But Jo is keen to stress that Loose Women is not just about entertainment or celebrity gossip. “There’s a perception that the show is four middle-aged women talking about their sex lives. It’s much more intelligent than that. We do so many serious and important things; we’re somewhere people feel safe enough that they can talk about very sensitive, personal issues. 

“For example, we’ve recently run a campaign – ‘It’s never too late to tell’ – about adult survivors of childhood sexual abuse. Karen Danczuk (who was sexually abused as a child) was on the show that day and singer Rebecca Ferguson was one of the panellists. While we were briefing

Karen, Rebecca said, ‘Oh, that happened to me.’ We asked if she was comfortable talking about her experience of abuse live on air, and she agreed. It was the first time she’d ever spoken about it, and it got a massive response online. Moments like that are unexpected and shocking, and make you realise how powerful the show is – and that it can help people.”

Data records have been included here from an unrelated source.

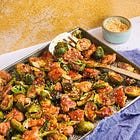 sticky orange chicky and brussels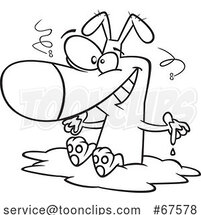 Cartoon Black and White Filthy Dog Sitting in Mud by Toonaday
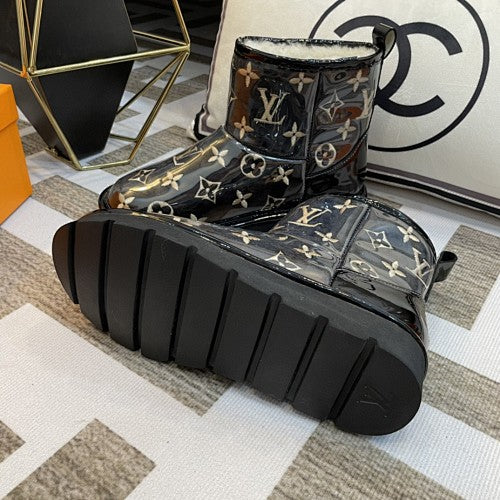 Louis Vuitton Monogram Fur-Lined Transparent Ankle Boots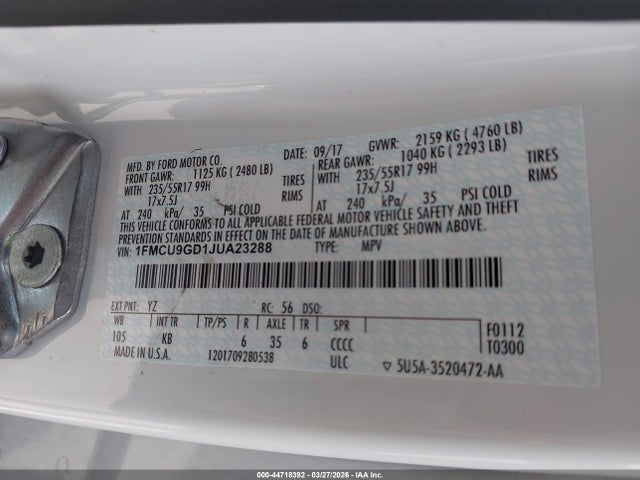 1FMCU9GD1JUA23288 Ford ESCAPE SE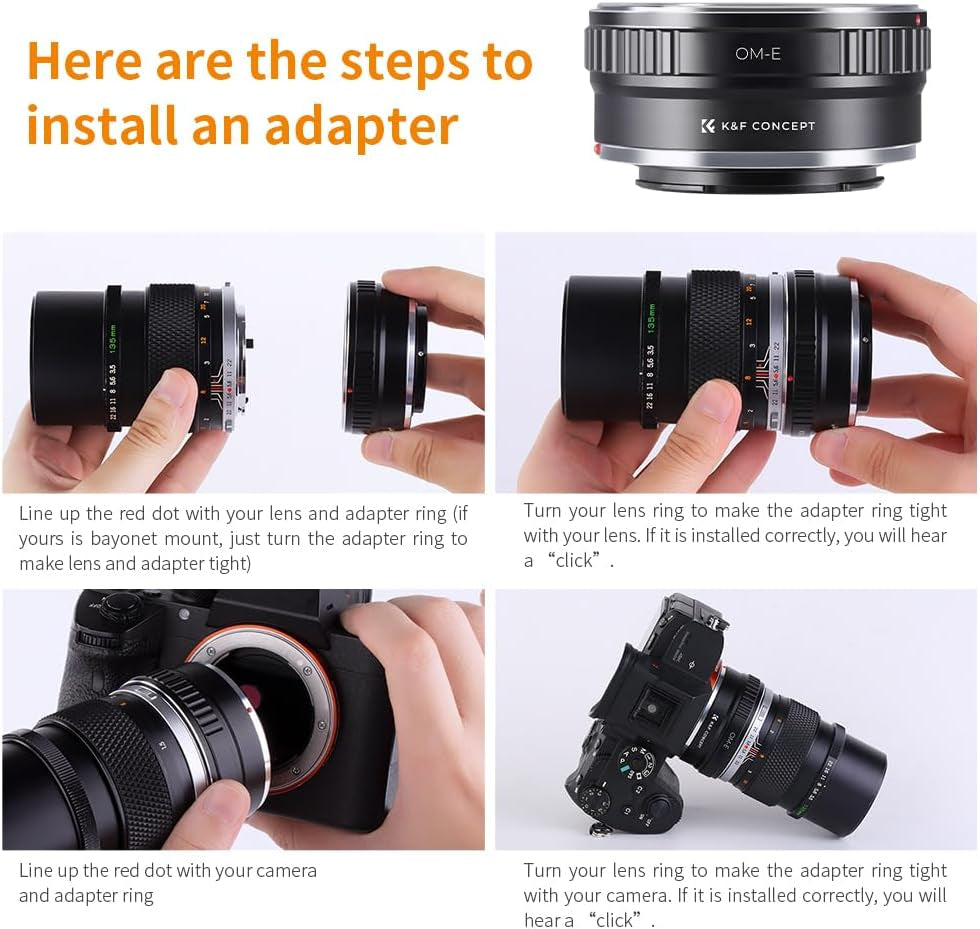 Lens Mount Adapter, Olympus OM Lens to Sony NEX (E-Mount) Camera Body, for NEX-3, NEX-3N, NEX-5, NEX-5R, NEX-6, NEX-7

Originally from Hatch End, Jo now lives with her husband and two young children in Mill Hill. She grew up attending Pinner Synagogue and was heavily involved with FZY, becoming an Israel tour leader and running summer camps. Today, she’s a member of Alyth Gardens Synagogue.

The move from United Synagogue to Reform came about as a result of her Irish Catholic husband’s conversion via the Reform Synagogue programme. “His mother was just impressed that he was going to any kind of church,” she jokes. “I’d call us traditional Jews. The children attend a Jewish school. We keep kosher, have Friday night dinner at my mum’s every week and go to synagogue.”

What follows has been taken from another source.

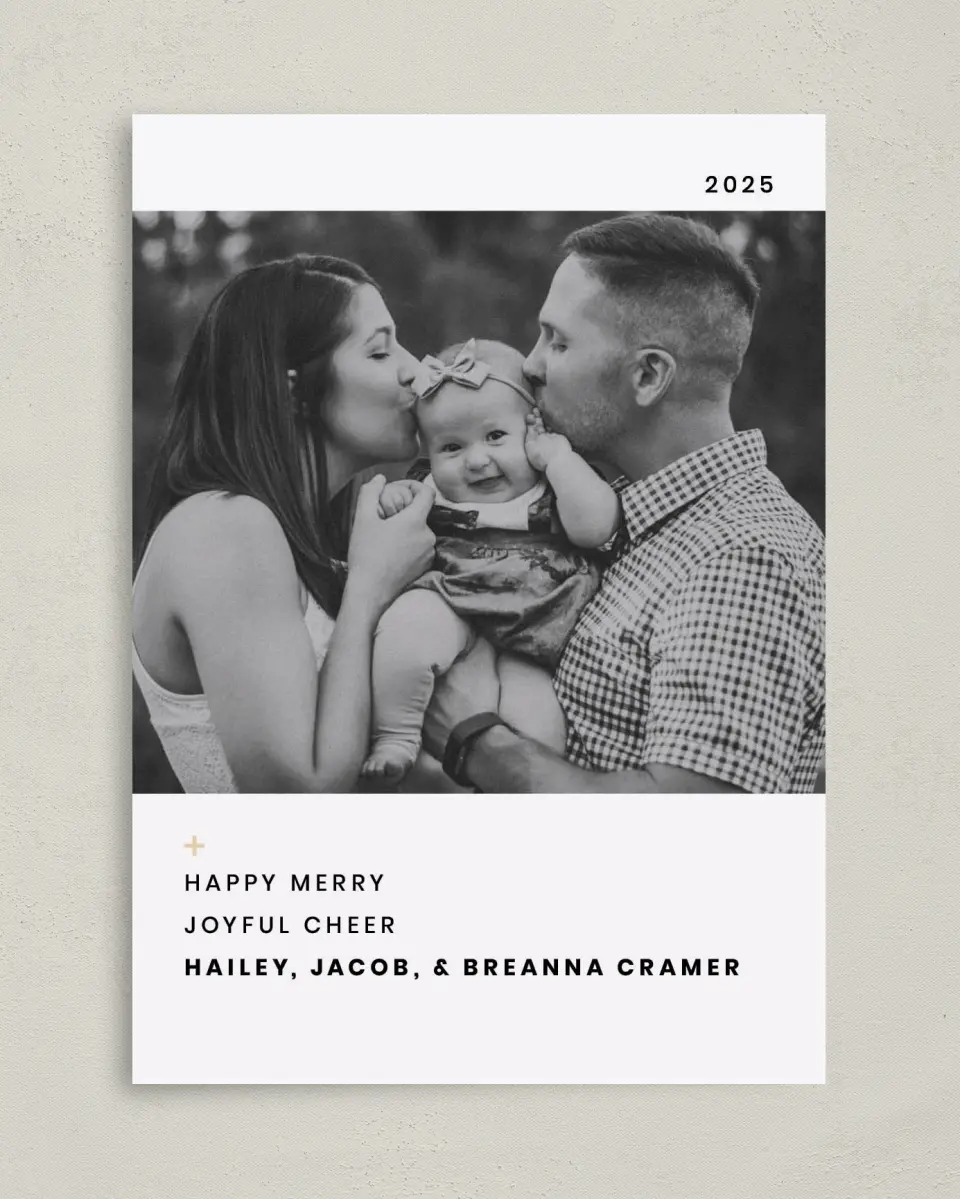 This is a 5" x 7" Christmas Card called Stitched Cheer printed in full color on Premium Smooth paper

Jo admits being Jewish can come in handy sometimes, especially if there’s a Jewish guest on the show, or if there are any stories in the news with a Jewish or Israeli angle. “I’m the go-to Jew in the office,” she laughs. “I look very Jewish, so people just know. There’s always that little unspoken bond. When Judge Rinder – one of our Loose Men – comes in, we always have a little chat about it and, of course, we now have Stacey Solomon as our first regular Jewish panellist. 

“The other week I had to talk to Uri Geller down the line from Eilat. We were hoping he would use his powers to help us win at the National TV Awards. Sadly, it didn’t work. He did get a few people’s watches working, though.”

Although she did get to go to the TV awards with all 18 panellists – on a special ITV daytime boat – and is regularly invited to launches and opening nights, Jo says her job is more hard graft than glamour. “It’s largely desk-based with a lot of meetings and emails, and it involves being on call at weekends. But I wouldn’t change it for the world. The highlights for me are getting a call asking, ‘Would you like Bette Midler to come on the show?’ or when someone like Goldie Hawn agrees to be a guest panellist.”

Who would she have on Loose Women, if she could get anyone? “My ideal panellists would be Dolly Parton and Cher, and I’d love to get Dustin Hoffman back on.” 

She laughs: “But my personal fantasy would be to get the whole of Take That together on the show.”